--- What is needed ---
Pull every line that includes the word "motiv" from the data.

--- Task input ---

*** Block opens ***

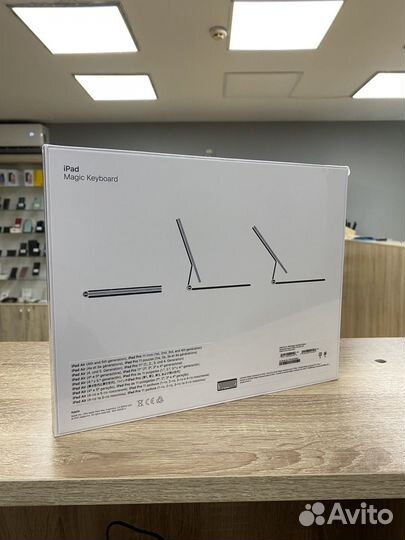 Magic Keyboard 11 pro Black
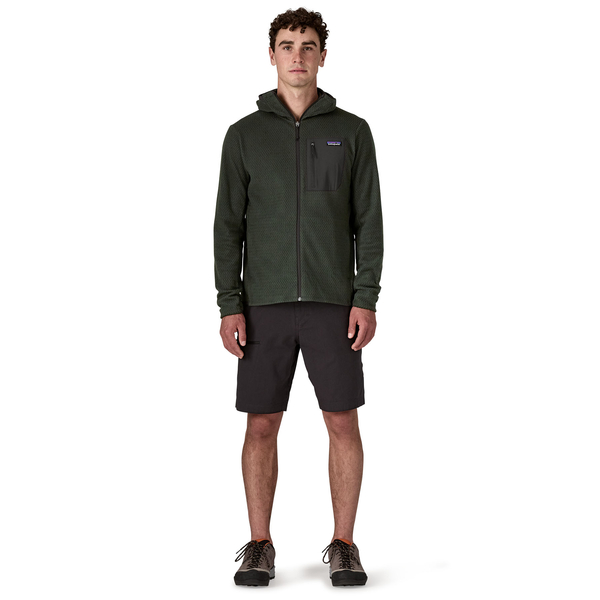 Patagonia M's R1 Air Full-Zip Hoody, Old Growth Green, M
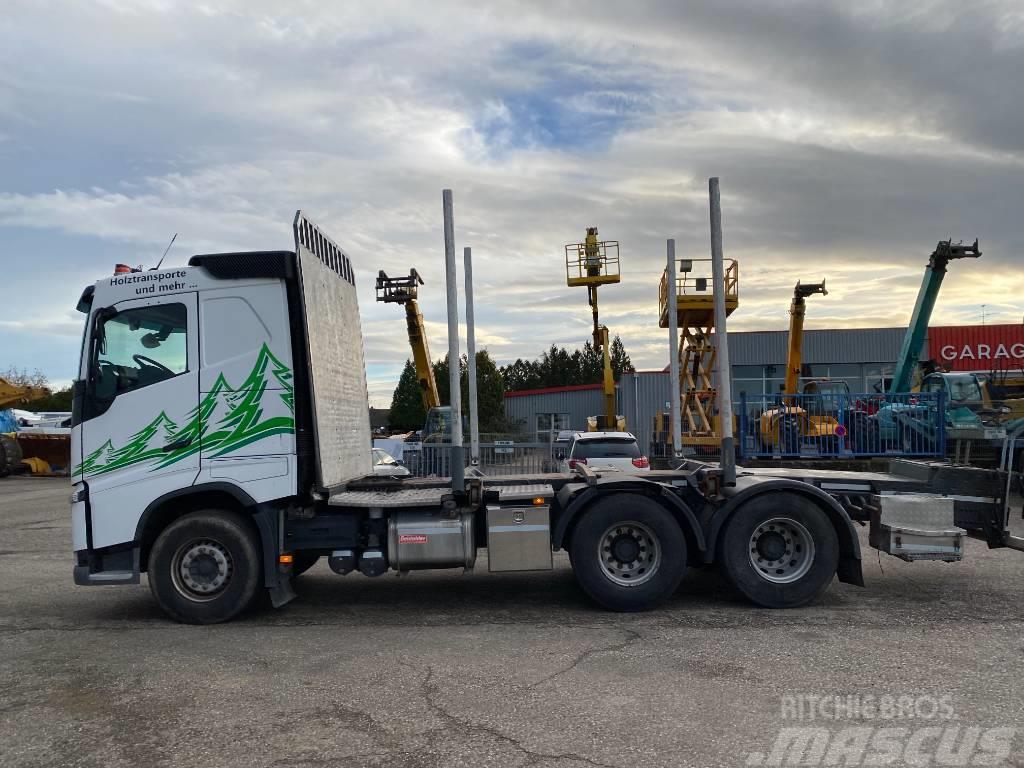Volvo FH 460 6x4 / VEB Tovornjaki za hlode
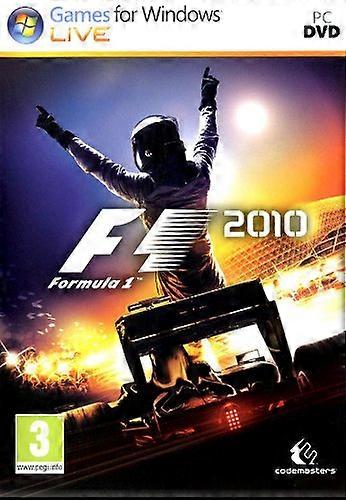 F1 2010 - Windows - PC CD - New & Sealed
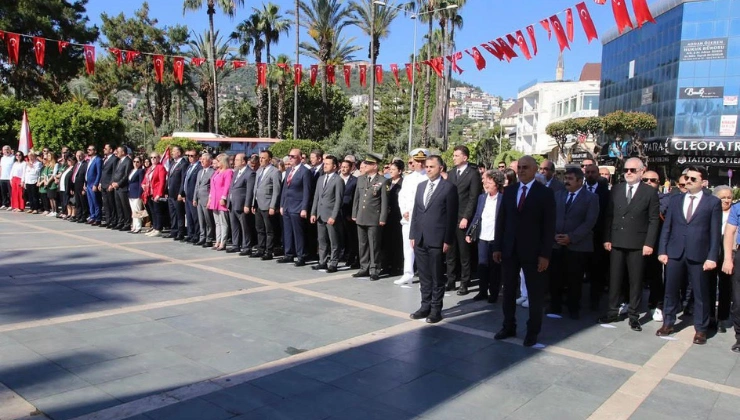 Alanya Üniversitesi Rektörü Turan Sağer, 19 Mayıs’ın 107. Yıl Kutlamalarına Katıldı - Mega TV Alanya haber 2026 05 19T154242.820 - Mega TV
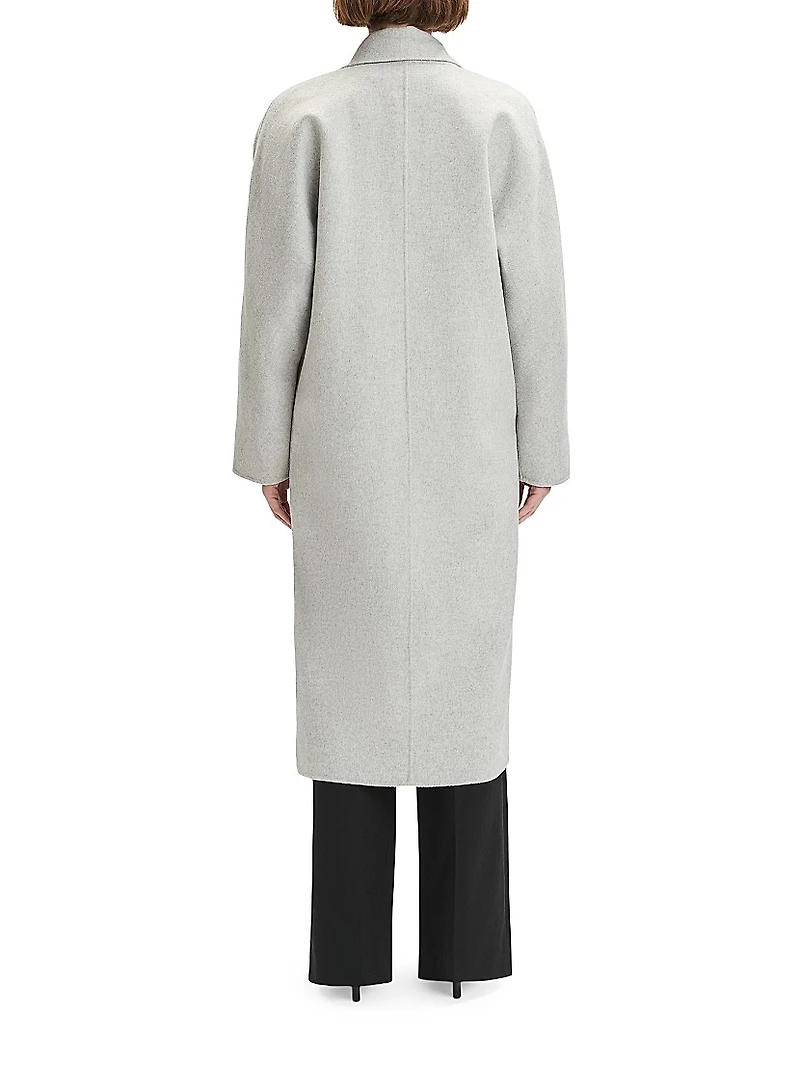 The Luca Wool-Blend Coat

*** Block closes ***
*** Block opens ***

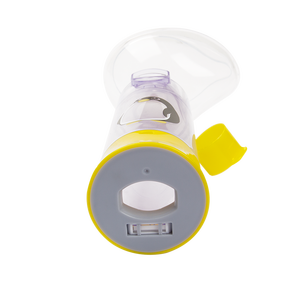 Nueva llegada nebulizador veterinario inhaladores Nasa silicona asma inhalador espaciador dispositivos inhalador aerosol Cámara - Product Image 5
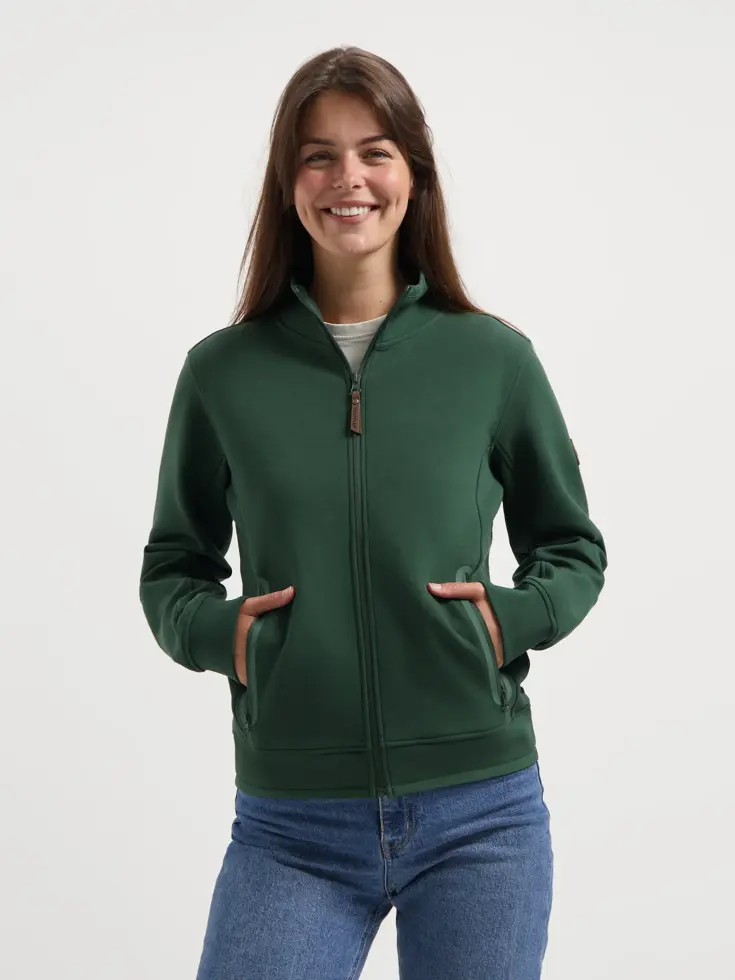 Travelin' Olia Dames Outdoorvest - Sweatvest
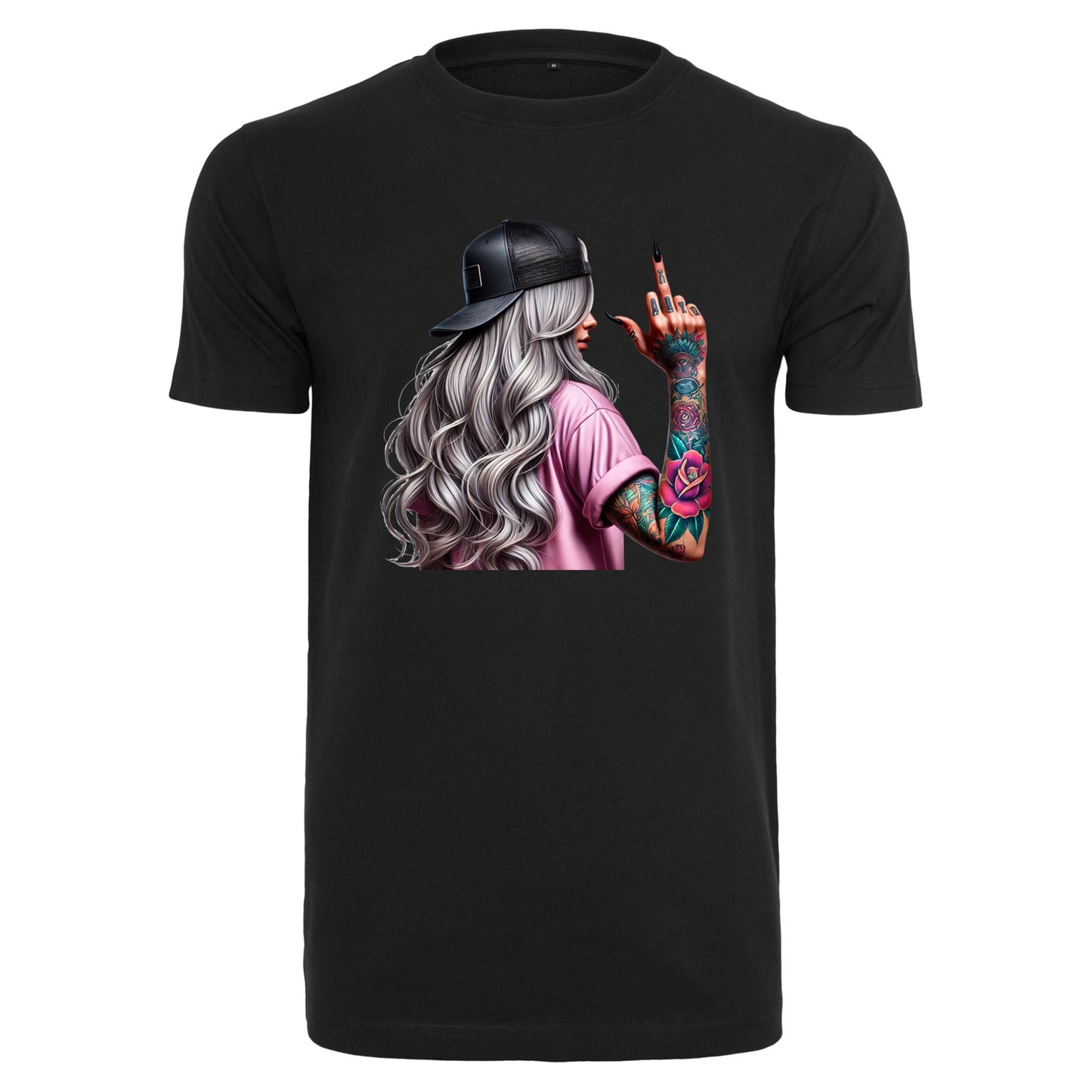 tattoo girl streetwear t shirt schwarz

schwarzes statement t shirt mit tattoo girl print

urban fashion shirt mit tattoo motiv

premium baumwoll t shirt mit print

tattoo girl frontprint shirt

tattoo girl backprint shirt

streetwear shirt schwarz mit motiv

*** Block closes ***

--- Result of the exercise ---
urban fashion shirt mit tattoo motiv
streetwear shirt schwarz mit motiv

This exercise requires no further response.